A public notice dated 13th September 2004 was made which states that the Provincial Executive had fixed 17th November 2004 as the date for the meeting and Seghe substation Marovo Lagoon, as the place for the meeting to determine person to grant timber rights on Ozanga Lavata land.
Another public notice was published on 1st March 2005 which states that by copy of the application that was displayed with the notice of 13th September 2004, Provincial Executive had rescheduled 10th March 2005 as the date for the meeting and again named Seghe substation Marovo Lagoon, as the place for the meeting to determine person to grant timber rights on Ozanga Lavata land.
The Provincial Executive Committee met and determined Respondent Leadley Whitney & others as all the right persons lawfully entitled to grant timber rights over the Ozanga Lavata land.
2. Appeal Grounds
The Appellant Seth Piruku aggrieved by the determination of the Provincial Executive Committee and appealed to this court on the determination on Ozanga Lavata Land timber rights made on 10th March 2005.
He raises two grounds:
1. The ownership of Ozanga Lavata land had already been determined by the Marovo Chiefs in flavour of the appellant. Ownership of Ozanga Lavata land cannot be separated from the ownership of the trees growing on the land. Who owns the said the land owns the trees on it. Therefore the Western Provincial Executive Committee was wrong in its determination in that, it was the appellant who ought to be determined as being entitled to grant timber right over Ozanga Lavata land and not the respondents. This Form 2 determination was wrong.

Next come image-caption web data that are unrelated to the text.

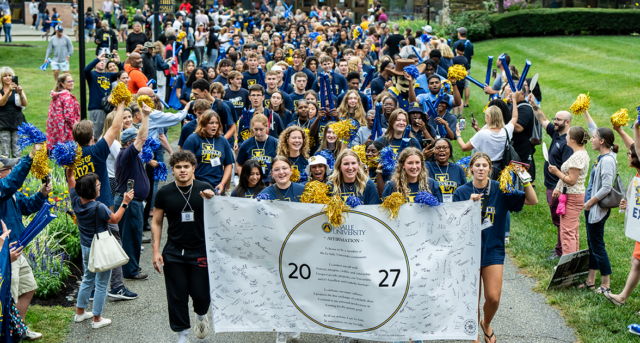 Image of students holding a Class of 2027 sign and walking to the Tom Gola Arena.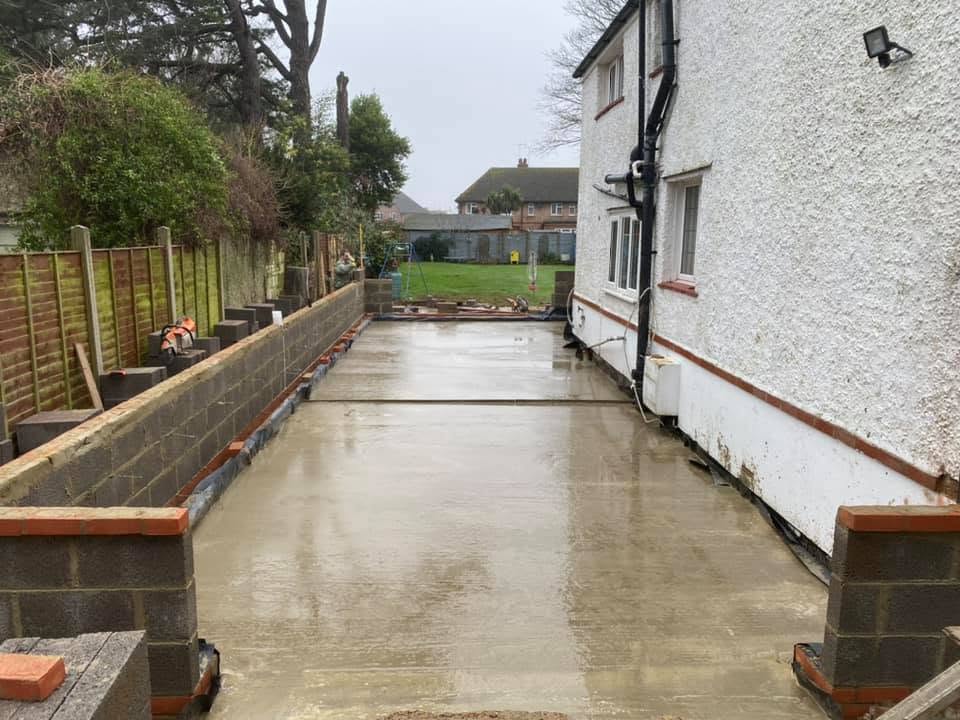 Freshly poured concrete slab with blockwork retaining walls during groundworks by A Baker Construction West Sussex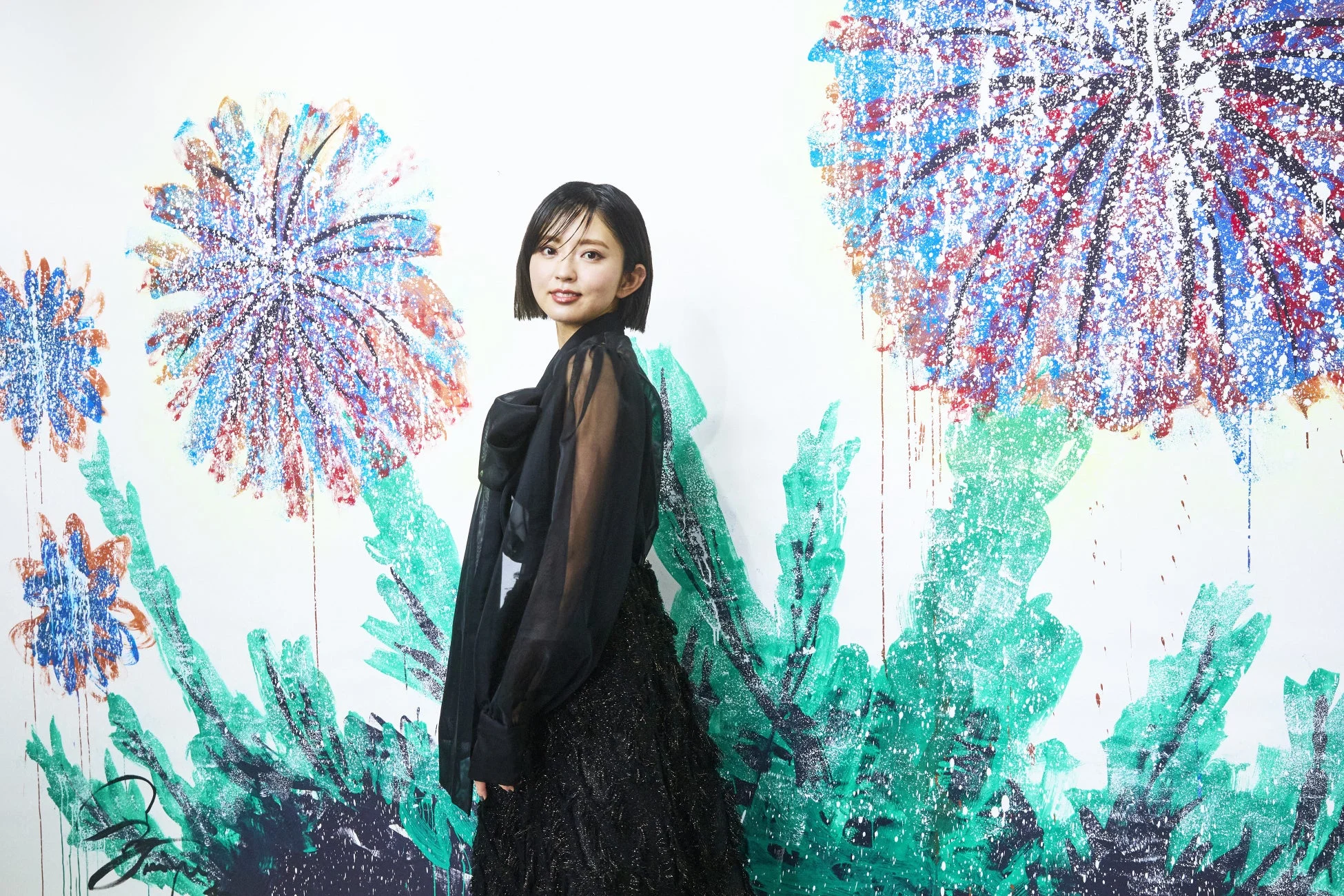 黒いシアーな衣装をまとった短髪の女性が、カラフルな抽象画が描かれた白い壁を背景に優しく微笑んでいるポートレート写真です。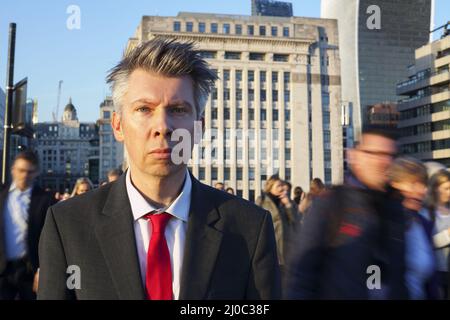 Geschäftsmann steht still, während die Leute hinter sich herlaufen Stockfoto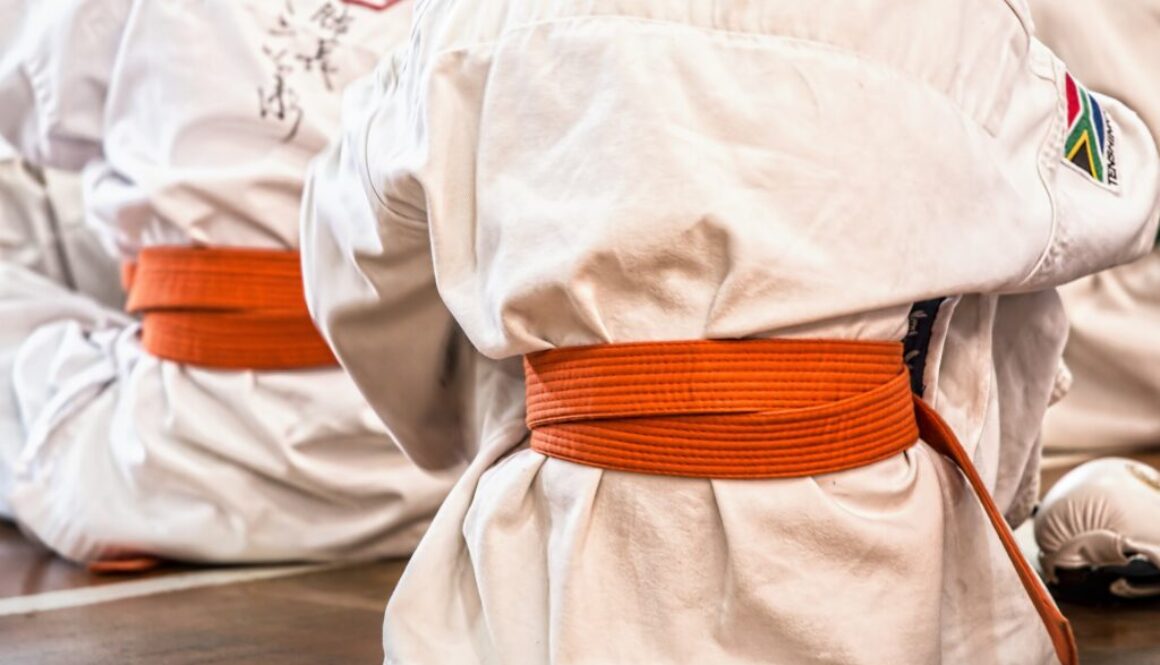 Zawodnicy karate siedzący po turecku w pomarańczowych pasach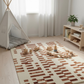 Children's playroom with a patterned rug, teepee, and toys.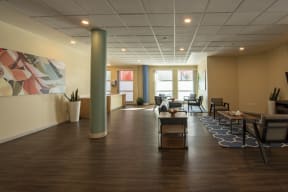 a large lobby with chairs and tables and a large painting on the wall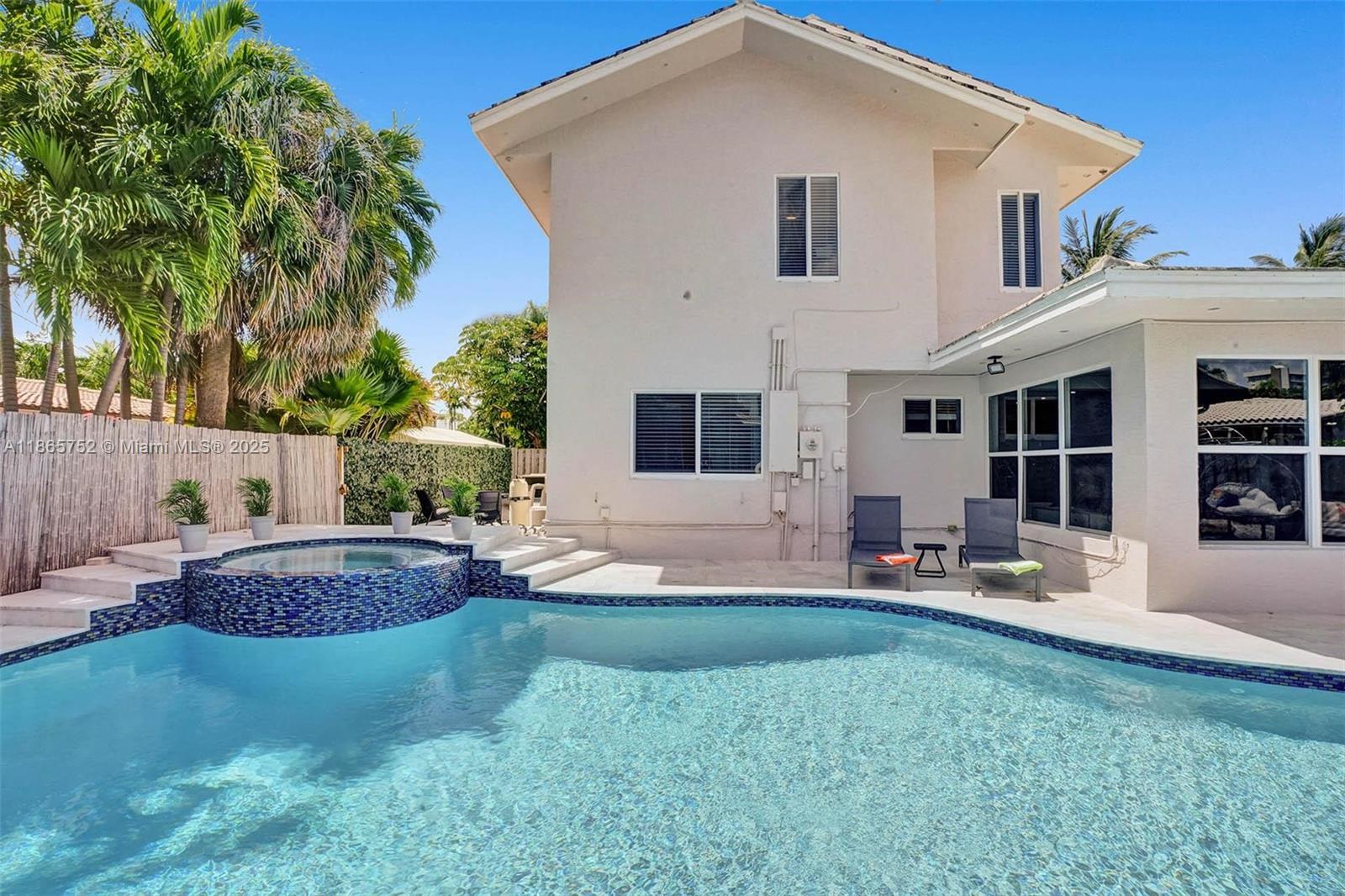 Stunning home with modern kitchen and modern bathrooms and beautiful deck and pool on the amazing hillsboro shores neighborhood just steps from the beach with private beach access limited to the hoa of the hillsboro shores neighborhood - one of the best values in the neighborhood 2 stories beautiful marble floors and glass railings this home is ready to move in all you need is your toothbrush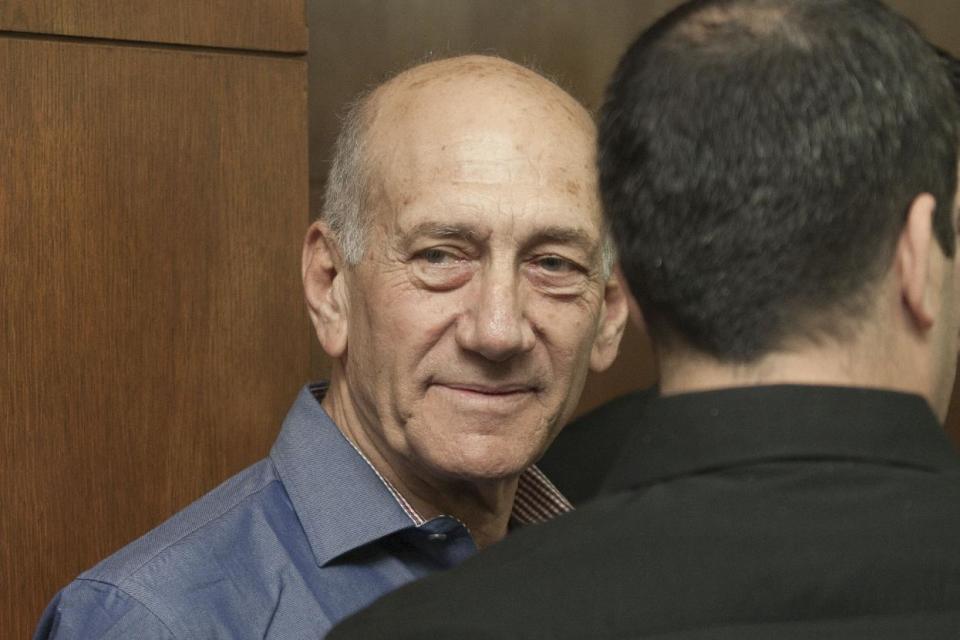 Former Israeli Prime Minister Ehud Olmert attends a hearing at Tel Aviv's District Court, Monday, March 31, 2014. The court handed down the verdict in the wide-ranging Jerusalem real estate scandal case related to Olmert’s activities before becoming prime minister in 2006. A total of 13 government officials, developers and other businesspeople were charged in three separate schemes. (AP Photo/Dan Balilty, Pool)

2. The Western Provincial Executive Committee held a timber right hearing and made its determination on 10th March 2005, six months after it received Form 1 Application and clearly outside of the statutory period of three months required under section 8 (1). The Executive should not have conducted the timber hearing and should not have made the determination in favour of the Respondents as breached of section 8 (1) of the FRTU Act.
The Appellants seeks the order of this court:
(a) to quash the determination made by Executive on the 10th March 2005,
(b) determine that the Appellant is the person entitled to grant the timber right over Ozanga Lavata land
3. Submissions
Appellant Seth Piruku and his Spokesman Mr. Andrew Landa presented their submission by way of written submission and verbal presentation. The written submission was accepted by the court and exhibited "Appt. E1".
The same way of submission was made by Respondent Rob Whitney. He presented their submission by way of written submission and verbal presentation and exhibited "Respt E1"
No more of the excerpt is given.